[Data supplied Boundary: Start]
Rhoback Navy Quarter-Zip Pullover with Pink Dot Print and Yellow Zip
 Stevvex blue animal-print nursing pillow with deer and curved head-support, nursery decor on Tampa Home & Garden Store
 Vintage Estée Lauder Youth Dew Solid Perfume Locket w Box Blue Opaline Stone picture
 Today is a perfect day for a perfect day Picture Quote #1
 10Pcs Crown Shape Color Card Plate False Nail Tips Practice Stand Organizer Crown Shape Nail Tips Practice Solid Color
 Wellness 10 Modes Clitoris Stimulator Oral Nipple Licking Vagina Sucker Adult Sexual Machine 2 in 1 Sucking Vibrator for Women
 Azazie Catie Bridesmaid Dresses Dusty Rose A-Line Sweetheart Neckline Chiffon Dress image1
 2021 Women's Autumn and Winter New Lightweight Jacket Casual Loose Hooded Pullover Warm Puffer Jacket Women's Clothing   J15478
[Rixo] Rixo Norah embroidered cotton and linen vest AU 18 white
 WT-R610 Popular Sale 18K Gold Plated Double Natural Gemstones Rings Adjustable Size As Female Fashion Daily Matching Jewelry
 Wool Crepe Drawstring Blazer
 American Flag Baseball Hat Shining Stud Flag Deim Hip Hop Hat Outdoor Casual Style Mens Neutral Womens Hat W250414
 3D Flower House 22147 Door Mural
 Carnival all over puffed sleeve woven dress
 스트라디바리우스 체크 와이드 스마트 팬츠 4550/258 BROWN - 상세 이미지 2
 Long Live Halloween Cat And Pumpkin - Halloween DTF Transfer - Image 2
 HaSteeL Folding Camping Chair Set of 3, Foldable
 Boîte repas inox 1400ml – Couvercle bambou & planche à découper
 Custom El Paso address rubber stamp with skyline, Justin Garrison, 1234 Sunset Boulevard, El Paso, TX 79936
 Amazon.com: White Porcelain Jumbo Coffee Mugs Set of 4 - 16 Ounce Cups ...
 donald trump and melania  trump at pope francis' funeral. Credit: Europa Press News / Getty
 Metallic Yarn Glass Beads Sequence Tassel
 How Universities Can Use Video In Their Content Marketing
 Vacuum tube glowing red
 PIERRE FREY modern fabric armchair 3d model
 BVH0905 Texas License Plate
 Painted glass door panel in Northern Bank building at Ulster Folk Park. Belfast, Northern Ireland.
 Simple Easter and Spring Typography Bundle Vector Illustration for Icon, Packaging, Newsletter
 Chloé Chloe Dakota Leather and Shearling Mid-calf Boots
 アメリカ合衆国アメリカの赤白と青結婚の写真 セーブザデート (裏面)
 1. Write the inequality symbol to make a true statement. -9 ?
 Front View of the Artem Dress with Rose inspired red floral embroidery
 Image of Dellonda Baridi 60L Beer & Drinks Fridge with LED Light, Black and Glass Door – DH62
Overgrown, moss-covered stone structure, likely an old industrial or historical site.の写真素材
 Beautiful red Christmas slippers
[Data supplied Boundary: End]
## Task brief
Print the lines above from the one with "Custom El Paso" through the one with "BVH0905 Texas License Plate", both included, exactly as written and nothing more.

## Response area
 Custom El Paso address rubber stamp with skyline, Justin Garrison, 1234 Sunset Boulevard, El Paso, TX 79936
 Amazon.com: White Porcelain Jumbo Coffee Mugs Set of 4 - 16 Ounce Cups ...
 donald trump and melania  trump at pope francis' funeral. Credit: Europa Press News / Getty
 Metallic Yarn Glass Beads Sequence Tassel
 How Universities Can Use Video In Their Content Marketing
 Vacuum tube glowing red
 PIERRE FREY modern fabric armchair 3d model
 BVH0905 Texas License Plate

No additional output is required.